● **To do**:
In the reply, give back exactly the lines from the one with "Cjhughes_91 - @cjhughes_91 - TikTok" through the last line of the records, without pictures.

*** Opening Records for the task ***

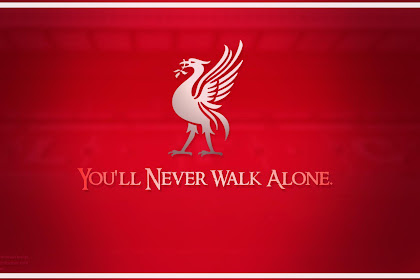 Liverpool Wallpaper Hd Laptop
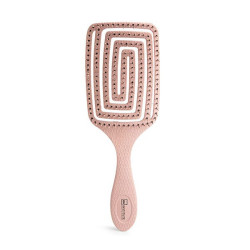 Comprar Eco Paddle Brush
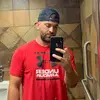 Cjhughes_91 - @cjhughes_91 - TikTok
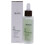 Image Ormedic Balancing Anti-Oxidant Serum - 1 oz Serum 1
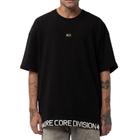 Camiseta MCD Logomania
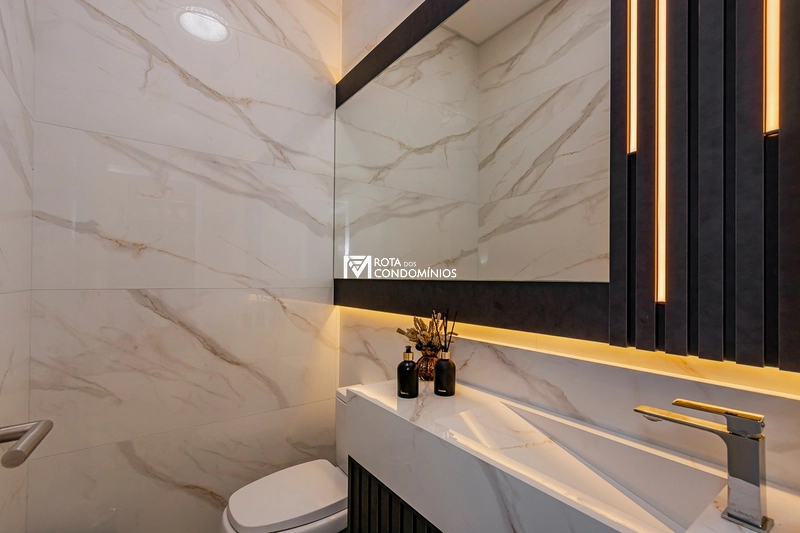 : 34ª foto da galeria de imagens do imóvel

*** Closing Records for the task ***

● **Response for this exercise**:
 Cjhughes_91 - @cjhughes_91 - TikTok
 Image Ormedic Balancing Anti-Oxidant Serum - 1 oz Serum 1
 Camiseta MCD Logomania
 : 34ª foto da galeria de imagens do imóvel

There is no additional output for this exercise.